Problem mit Rekursion bei Templates ohne Spezialisierung



  • Ich über gerade etwas mit Templates und mir ist aufgefallen, dass ich einen Stopp der Rekursion nur durch die Spezialisierung für 0 erreichen kann, warum nicht so:

    template <int Number>
    struct NonSense {
        const static bool value = Number == 0 ? true : NonSense<Number - 1>::value;
    };
    
    int main() {
        NonSense<2>::value;
    }
    
    error: template instantiation depth exceeds maximum of 500 (use -ftemplate-depth-NN to increase the maximum) instantiating `struct NonSense<-0x0000001f2>'
    

    Sollte er nicht, sobald Number 0 ist, aufhören sich nochmal aufzurufen?

    mfg.



  • Erstelle eine explizite Spezialisierung des Templates für Number=0.

    template <int Number>
    struct NonSense {
        const static bool value =  NonSense<Number - 1>::value;
    };
    
    template <> struct NonSense <0>{
        const static bool value =  true;
    };
    
    int main() {
        NonSense<2>::value;
    }
    

    Der Code funktioniert.



  • joomoo schrieb:

    ...und mir ist aufgefallen, dass ich einen Stopp der Rekursion nur durch die Spezialisierung für 0 erreichen kann, warum nicht so:



  • Das liegt daran, daß beim ?:-Operator zur Compilerzeit immer beide alternativen ausgewertet werden. Dadurch bricht die Rekursion nie ab.



  • Jester schrieb:

    Das liegt daran, daß beim ?:-Operator zur Compilerzeit immer beide alternativen ausgewertet werden. Dadurch bricht die Rekursion nie ab.

    Achso. Danke, das hab ich gesucht.

    mfg.


  • Mod

    Jester schrieb:

    Das liegt daran, daß beim ?:-Operator zur Compilerzeit immer beide alternativen ausgewertet werden.
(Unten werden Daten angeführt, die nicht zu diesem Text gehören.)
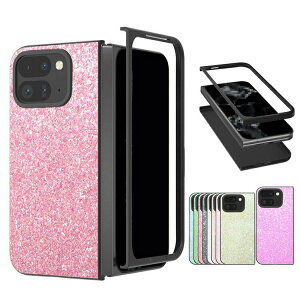 Pixel 9 Pro Fold P[X ϏՌ Jo[PUU[+vX`bN Vv 킢/炫  fB[X O[O sNZ9 v tH[h یP[X Jo[ AhCh  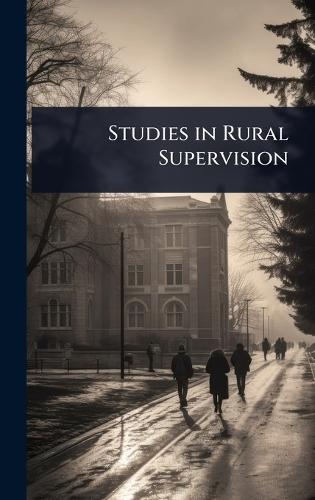 Studies in Rural Supervision  at Abbey's Bookshop, 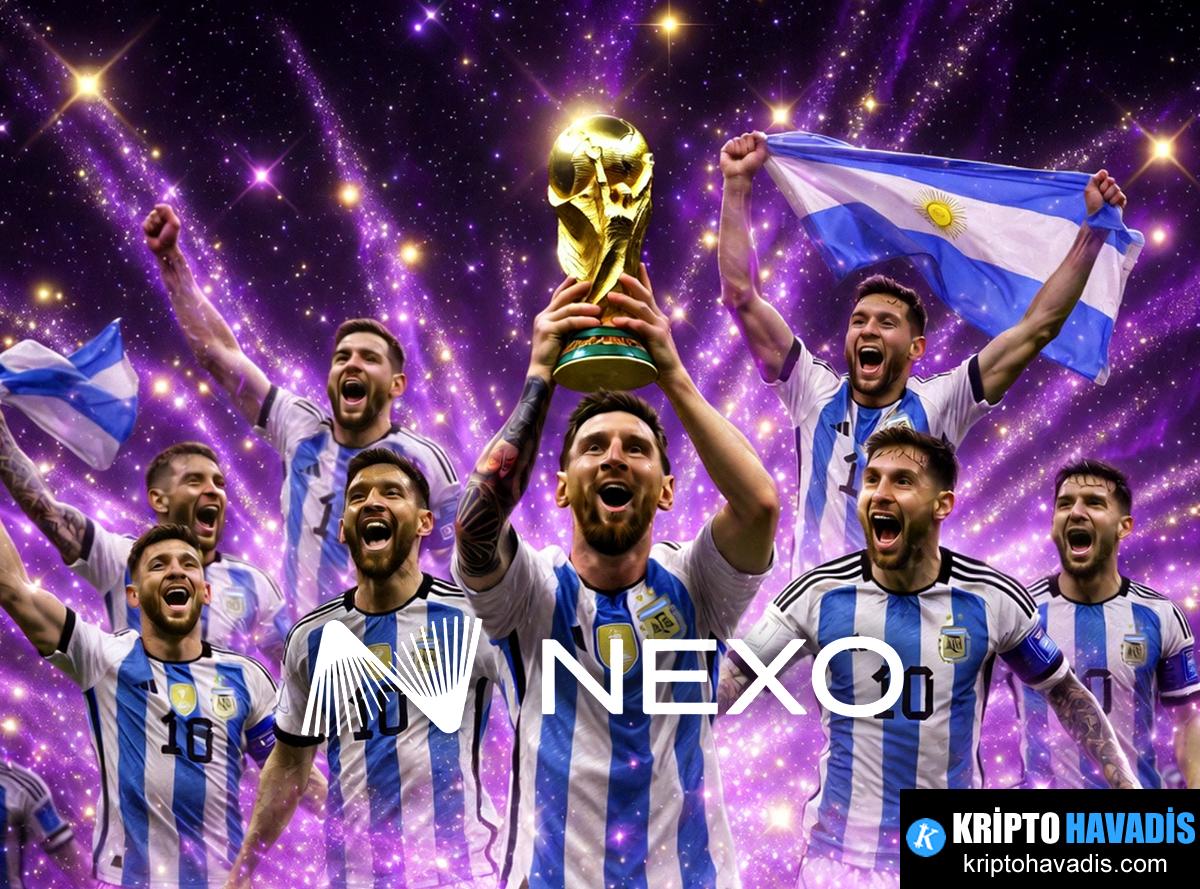 AFA ile Nexo İş Birliği: Arjantin’in Milli Takımı ve Güvenli Dijital Varlıklar İçin Yeni Ufuklar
Dadurch bricht die Rekursion nie ab.

    "auswertung" ist hier ein ungünstiger begriff - für gewöhnlich meint man damit ja das ermitteln des "wertes" eines ausdrucks. unter diesem gesichtspunkt wäre es schwer verständlich, warum sich ?: bei templates anders verhalten sollte als beim programmablauf. das problem hier ist dagegen die ermittelung des typs des ergebnisses des ?: operators. dieser hängt von den typen des zweiten und dritten operanden ab - völlig unabhängig davon, was der erste operand ist. folglich müssen irgendwelche templates, die teil dieser operanden sind, zumindest instantiiert werden, um vollständige typen zu erhalten.



  • camper schrieb:

    das problem hier ist dagegen die ermittelung des typs des ergebnisses des ?: operators. dieser hängt von den typen des zweiten und dritten operanden ab - völlig unabhängig davon, was der erste operand ist. folglich müssen irgendwelche templates, die teil dieser operanden sind, zumindest instantiiert werden, um vollständige typen zu erhalten.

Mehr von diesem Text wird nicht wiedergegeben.